***** EXERCISE DATA *****

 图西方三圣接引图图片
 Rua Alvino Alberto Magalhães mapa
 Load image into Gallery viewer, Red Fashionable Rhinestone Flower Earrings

*****

> [TASK STATEMENT] Print out an identical copy of the whole listing.

> [EXERCISE OUTPUT]
 图西方三圣接引图图片
 Rua Alvino Alberto Magalhães mapa
 Load image into Gallery viewer, Red Fashionable Rhinestone Flower Earrings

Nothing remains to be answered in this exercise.